Broken windows at Meredosia-Chambersburg High School drew Morgan County sheriff’s deputies to the small Main Street campus early Friday, and the response ended with a 13-year-old boy arrested. What began as a damage report at 830 Main St. in Meredosia quickly became a school-safety case in a village where the high school is one of the most visible public buildings.

Deputies were called around 7:44 a.m. to the school, where they said they found two broken windows and signs that someone had forced entry into the building. The teen was later charged with criminal damage to government-supported property and burglary involving forcible entry. Because the case involved both broken property and alleged unlawful entry, it moved beyond a simple vandalism complaint.
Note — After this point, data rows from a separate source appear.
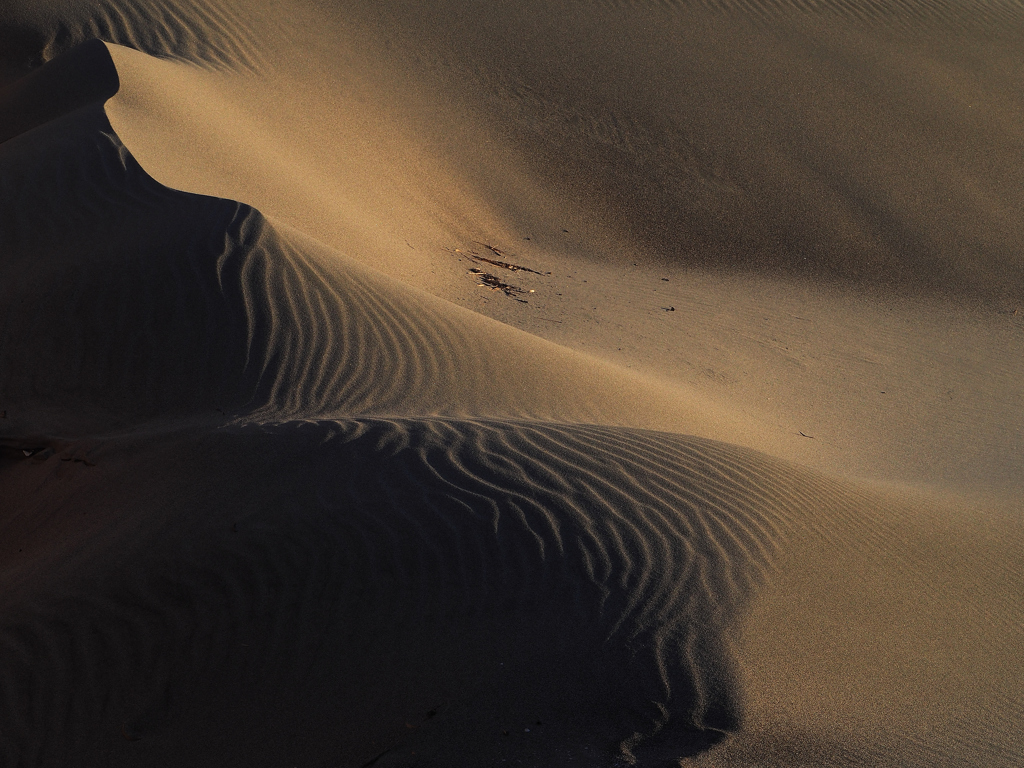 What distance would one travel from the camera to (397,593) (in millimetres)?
4027

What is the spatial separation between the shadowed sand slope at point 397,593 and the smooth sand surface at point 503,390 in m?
0.02

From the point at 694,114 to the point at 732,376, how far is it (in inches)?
244

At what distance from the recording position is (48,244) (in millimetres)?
7691

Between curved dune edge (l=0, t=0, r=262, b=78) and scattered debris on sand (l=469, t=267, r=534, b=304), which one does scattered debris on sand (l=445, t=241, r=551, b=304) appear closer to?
scattered debris on sand (l=469, t=267, r=534, b=304)

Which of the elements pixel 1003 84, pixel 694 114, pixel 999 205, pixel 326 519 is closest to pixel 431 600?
pixel 326 519

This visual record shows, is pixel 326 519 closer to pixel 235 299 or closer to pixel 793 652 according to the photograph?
pixel 793 652

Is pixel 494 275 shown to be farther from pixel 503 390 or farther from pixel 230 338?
pixel 230 338

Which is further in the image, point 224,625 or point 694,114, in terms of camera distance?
point 694,114

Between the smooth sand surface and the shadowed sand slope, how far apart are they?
20 millimetres

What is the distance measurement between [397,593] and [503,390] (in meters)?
2.87

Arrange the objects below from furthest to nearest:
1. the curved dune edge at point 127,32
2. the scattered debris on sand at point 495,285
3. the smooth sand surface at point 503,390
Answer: the curved dune edge at point 127,32, the scattered debris on sand at point 495,285, the smooth sand surface at point 503,390

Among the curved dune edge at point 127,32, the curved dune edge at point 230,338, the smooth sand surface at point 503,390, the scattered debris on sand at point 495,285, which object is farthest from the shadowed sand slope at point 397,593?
the curved dune edge at point 127,32

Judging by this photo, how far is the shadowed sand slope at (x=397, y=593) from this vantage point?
352 cm

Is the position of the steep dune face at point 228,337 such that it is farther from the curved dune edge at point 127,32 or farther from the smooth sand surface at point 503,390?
the curved dune edge at point 127,32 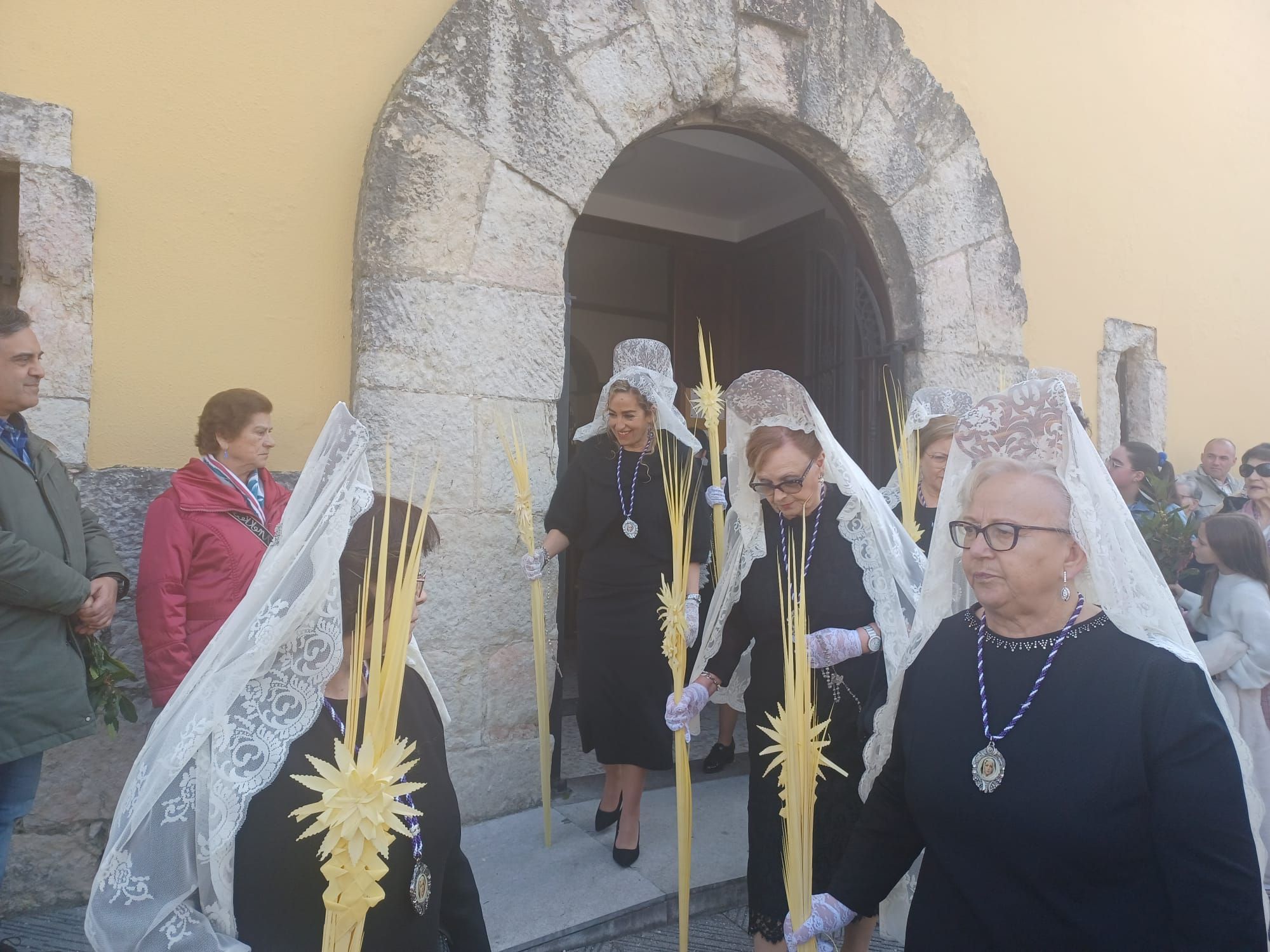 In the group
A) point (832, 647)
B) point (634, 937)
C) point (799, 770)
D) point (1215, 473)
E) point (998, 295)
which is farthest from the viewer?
point (1215, 473)

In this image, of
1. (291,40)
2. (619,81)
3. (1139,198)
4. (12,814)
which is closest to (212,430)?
(12,814)

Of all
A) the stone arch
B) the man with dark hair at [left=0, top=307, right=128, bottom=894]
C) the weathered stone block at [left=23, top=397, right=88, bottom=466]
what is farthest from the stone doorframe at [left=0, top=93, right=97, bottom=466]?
the stone arch

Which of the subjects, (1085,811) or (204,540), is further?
(204,540)

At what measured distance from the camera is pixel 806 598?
2.54 metres

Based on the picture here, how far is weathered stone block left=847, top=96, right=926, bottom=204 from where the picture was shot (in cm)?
494

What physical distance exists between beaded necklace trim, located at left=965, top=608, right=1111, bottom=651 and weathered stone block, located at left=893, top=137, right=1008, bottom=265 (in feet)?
13.0

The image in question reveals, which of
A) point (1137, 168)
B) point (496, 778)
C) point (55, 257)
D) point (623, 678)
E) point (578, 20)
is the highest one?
point (1137, 168)

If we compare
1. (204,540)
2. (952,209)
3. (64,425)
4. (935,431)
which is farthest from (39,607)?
(952,209)

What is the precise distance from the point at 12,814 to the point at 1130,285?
278 inches

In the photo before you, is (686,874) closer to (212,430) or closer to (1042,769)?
(1042,769)

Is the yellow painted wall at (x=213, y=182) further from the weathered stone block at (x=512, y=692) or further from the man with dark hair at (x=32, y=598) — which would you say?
the weathered stone block at (x=512, y=692)

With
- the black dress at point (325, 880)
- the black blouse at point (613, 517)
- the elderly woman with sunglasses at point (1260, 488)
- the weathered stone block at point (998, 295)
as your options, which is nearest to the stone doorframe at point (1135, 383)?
the weathered stone block at point (998, 295)

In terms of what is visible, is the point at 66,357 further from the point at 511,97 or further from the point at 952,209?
the point at 952,209

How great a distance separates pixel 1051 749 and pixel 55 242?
11.0ft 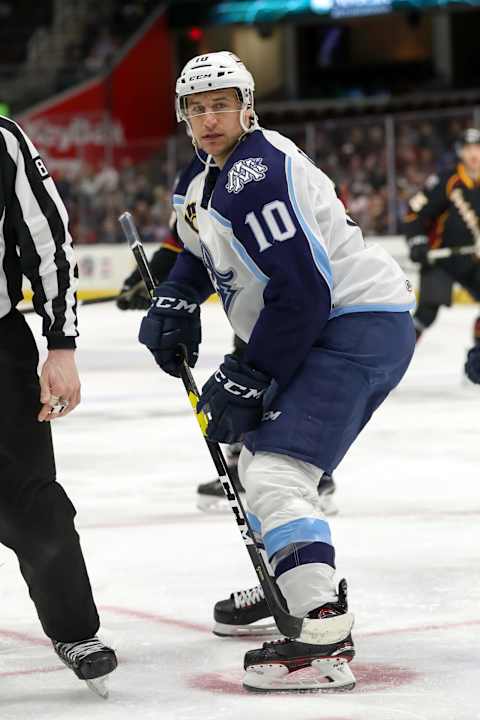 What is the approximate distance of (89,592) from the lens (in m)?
2.53

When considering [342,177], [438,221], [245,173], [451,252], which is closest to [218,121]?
[245,173]

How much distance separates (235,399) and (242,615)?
1.96 ft

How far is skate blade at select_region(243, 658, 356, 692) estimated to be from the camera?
8.43ft

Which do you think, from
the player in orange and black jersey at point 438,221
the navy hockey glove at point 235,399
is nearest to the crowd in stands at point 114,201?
the player in orange and black jersey at point 438,221

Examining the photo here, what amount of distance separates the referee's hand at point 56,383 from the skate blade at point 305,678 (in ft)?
1.83

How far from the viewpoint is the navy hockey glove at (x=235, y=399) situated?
2594 mm

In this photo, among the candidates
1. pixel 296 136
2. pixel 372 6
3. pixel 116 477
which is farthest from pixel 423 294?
pixel 372 6

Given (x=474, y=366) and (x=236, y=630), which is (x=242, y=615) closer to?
(x=236, y=630)

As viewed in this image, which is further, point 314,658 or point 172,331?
point 172,331

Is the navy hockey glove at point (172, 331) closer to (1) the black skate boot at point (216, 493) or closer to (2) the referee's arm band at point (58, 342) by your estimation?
(2) the referee's arm band at point (58, 342)

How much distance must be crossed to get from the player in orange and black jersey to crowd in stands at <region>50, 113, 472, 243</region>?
5053 millimetres

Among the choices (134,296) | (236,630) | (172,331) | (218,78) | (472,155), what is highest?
(218,78)

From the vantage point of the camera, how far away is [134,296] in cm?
435

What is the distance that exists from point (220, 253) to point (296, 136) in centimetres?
1159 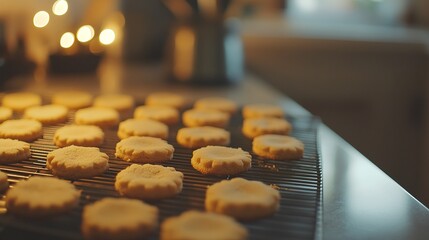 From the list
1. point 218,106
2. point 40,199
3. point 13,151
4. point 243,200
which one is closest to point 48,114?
point 13,151

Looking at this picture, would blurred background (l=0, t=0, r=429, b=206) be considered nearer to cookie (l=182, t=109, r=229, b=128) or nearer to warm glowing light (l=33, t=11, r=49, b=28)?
warm glowing light (l=33, t=11, r=49, b=28)

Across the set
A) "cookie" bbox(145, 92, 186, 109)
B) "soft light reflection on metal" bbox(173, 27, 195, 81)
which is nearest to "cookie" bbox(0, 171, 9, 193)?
"cookie" bbox(145, 92, 186, 109)

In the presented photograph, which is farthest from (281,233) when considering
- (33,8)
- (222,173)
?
(33,8)

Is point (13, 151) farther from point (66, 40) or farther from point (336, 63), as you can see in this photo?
point (336, 63)

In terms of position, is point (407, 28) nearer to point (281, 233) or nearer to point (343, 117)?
point (343, 117)

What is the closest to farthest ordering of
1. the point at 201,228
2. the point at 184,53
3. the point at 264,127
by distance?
the point at 201,228, the point at 264,127, the point at 184,53

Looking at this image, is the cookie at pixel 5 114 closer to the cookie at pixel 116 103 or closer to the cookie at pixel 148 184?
the cookie at pixel 116 103

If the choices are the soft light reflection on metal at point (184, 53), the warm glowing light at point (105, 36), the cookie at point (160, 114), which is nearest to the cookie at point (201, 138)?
the cookie at point (160, 114) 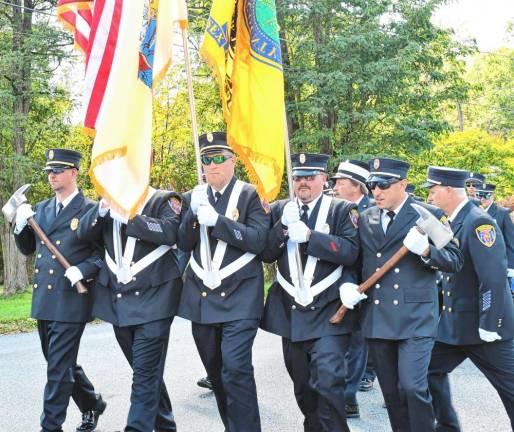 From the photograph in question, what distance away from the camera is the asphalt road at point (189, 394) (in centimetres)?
639

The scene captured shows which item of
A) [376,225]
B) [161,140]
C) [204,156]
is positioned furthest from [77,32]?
[161,140]

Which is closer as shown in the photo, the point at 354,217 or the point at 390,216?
the point at 390,216

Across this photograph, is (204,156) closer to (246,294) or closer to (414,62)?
(246,294)

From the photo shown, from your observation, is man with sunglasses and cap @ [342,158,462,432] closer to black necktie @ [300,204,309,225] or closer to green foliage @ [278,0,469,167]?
black necktie @ [300,204,309,225]

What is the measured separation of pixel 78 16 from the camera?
19.6 ft

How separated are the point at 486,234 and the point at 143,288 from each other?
265 cm

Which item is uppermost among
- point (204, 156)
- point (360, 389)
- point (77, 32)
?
point (77, 32)

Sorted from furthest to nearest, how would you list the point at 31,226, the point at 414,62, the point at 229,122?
the point at 414,62
the point at 31,226
the point at 229,122

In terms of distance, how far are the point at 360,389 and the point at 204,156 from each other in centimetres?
330

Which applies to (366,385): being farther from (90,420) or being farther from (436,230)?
(436,230)

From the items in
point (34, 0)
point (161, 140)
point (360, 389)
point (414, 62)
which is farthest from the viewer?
point (161, 140)

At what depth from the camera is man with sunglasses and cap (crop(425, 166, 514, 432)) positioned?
5059 millimetres

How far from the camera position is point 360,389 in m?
7.60

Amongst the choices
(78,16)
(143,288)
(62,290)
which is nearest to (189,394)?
(62,290) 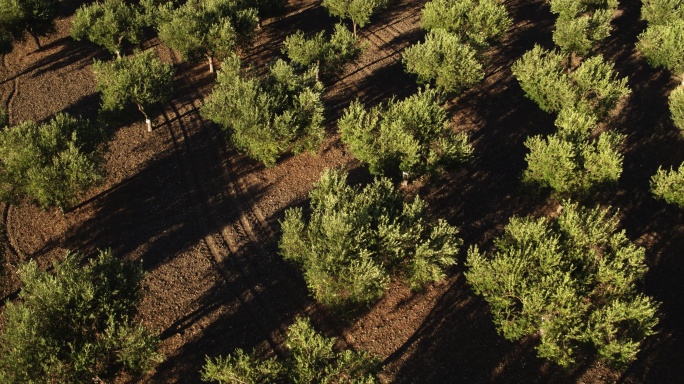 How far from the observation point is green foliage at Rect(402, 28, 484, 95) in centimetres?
5366

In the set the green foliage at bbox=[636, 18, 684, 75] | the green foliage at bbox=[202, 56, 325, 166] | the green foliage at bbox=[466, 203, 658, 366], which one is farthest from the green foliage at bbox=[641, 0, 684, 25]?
the green foliage at bbox=[202, 56, 325, 166]

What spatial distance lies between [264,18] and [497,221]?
171 ft

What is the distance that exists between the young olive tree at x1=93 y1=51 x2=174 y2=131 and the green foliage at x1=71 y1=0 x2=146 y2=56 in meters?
14.7

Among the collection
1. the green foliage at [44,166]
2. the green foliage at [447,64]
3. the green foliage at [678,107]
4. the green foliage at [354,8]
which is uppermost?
the green foliage at [354,8]

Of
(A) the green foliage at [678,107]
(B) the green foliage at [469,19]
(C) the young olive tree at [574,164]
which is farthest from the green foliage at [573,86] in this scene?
(B) the green foliage at [469,19]

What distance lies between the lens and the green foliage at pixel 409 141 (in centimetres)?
4425

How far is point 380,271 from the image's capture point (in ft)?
110

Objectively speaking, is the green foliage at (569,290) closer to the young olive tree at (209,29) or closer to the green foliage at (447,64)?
the green foliage at (447,64)

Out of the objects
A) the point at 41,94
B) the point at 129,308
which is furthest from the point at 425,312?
the point at 41,94

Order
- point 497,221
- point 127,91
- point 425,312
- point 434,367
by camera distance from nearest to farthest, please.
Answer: point 434,367 < point 425,312 < point 497,221 < point 127,91

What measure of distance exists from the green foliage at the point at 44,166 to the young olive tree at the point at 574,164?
42.5m

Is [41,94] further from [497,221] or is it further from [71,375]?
[497,221]

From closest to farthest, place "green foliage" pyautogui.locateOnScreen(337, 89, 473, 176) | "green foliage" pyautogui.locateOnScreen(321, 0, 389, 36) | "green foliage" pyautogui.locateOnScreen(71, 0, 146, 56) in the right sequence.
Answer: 1. "green foliage" pyautogui.locateOnScreen(337, 89, 473, 176)
2. "green foliage" pyautogui.locateOnScreen(71, 0, 146, 56)
3. "green foliage" pyautogui.locateOnScreen(321, 0, 389, 36)

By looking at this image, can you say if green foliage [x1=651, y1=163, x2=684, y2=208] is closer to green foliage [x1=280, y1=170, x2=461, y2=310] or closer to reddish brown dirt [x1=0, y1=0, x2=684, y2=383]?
reddish brown dirt [x1=0, y1=0, x2=684, y2=383] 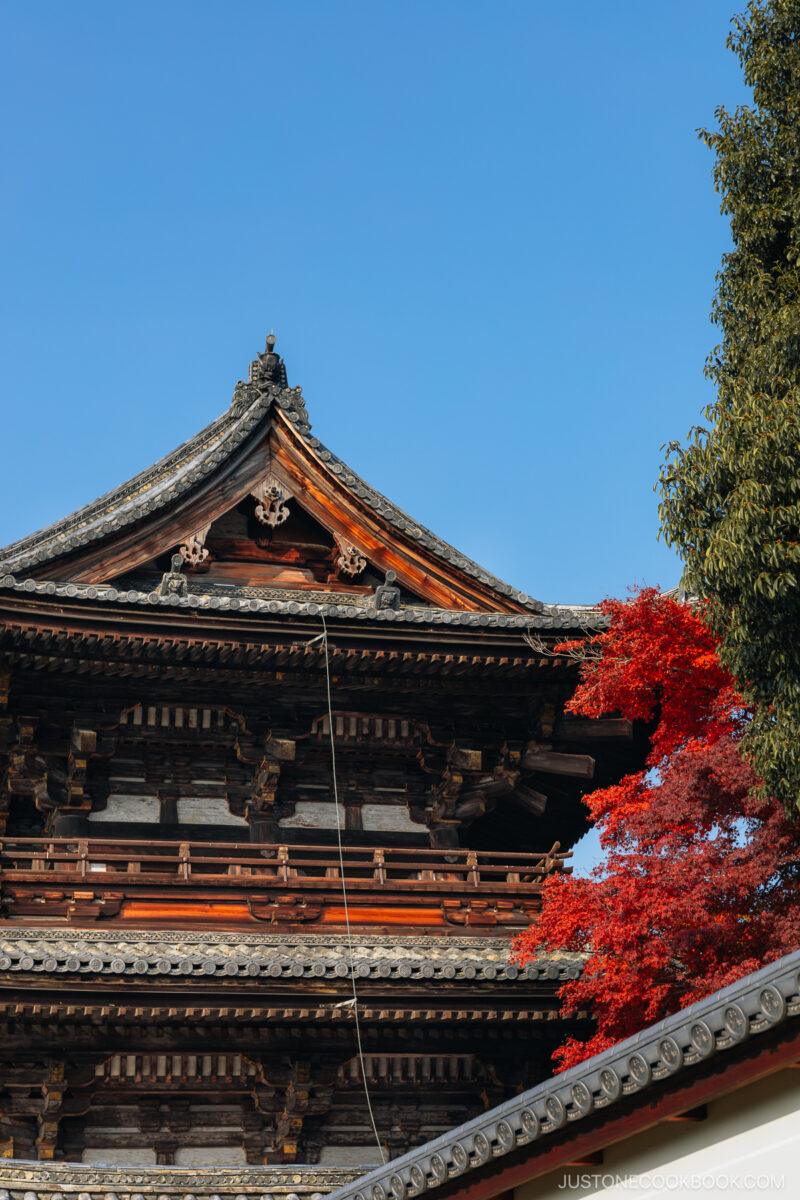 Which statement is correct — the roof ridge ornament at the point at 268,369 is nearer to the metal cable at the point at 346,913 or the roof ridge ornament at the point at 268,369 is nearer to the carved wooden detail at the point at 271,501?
the carved wooden detail at the point at 271,501

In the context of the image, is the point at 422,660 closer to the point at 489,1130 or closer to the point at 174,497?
the point at 174,497

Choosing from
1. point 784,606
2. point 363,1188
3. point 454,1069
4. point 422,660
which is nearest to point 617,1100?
point 363,1188

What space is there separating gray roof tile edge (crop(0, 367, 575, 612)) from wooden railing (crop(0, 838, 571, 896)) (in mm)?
3427

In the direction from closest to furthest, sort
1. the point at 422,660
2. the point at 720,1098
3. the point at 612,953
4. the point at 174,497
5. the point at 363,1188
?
the point at 720,1098 < the point at 363,1188 < the point at 612,953 < the point at 422,660 < the point at 174,497

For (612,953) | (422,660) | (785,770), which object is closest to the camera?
(785,770)

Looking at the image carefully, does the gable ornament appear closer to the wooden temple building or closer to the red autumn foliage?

Meredosia-Chambersburg High School is part of Meredosia-Chambersburg Community Unit School District 11, which lists Thad Walker as superintendent. The school is very small, with enrollment listed at about 51 students, and other school data putting it in the same range. In a campus that size, even limited damage can carry outsized consequences, from cleanup and repair work to the uneasy feeling that a place meant to be protected after hours was breached.

Illinois law treats the charges seriously. Burglary involves entering a building without authority with intent to commit a felony or theft. Criminal damage to government-supported property covers knowingly damaging public property without consent. Together, the charges reflect law enforcement’s view that the incident was more than a minor break-in.

AI-generated illustration
AI-generated illustration

The address, 830 Main St. in Meredosia, places the school at the center of a village of 871 people in Morgan County, a county with an estimated population of 32,515 as of July 1, 2025. In a community that small, a break-in at the school is not just a building issue. It is a reminder of how quickly a damaged window and a forced door can rattle confidence in a shared public space.

The arrest leaves the district and families with the immediate task of restoring the school building and the broader task of making sure campus security holds up the next time the building is empty.

This article was produced by Prism’s automated news system from verified source data, official records, and press releases, then run through automated quality and moderation checks before publishing. The system is built and supervised by the people who set the standards it runs under. Read our full AI policy.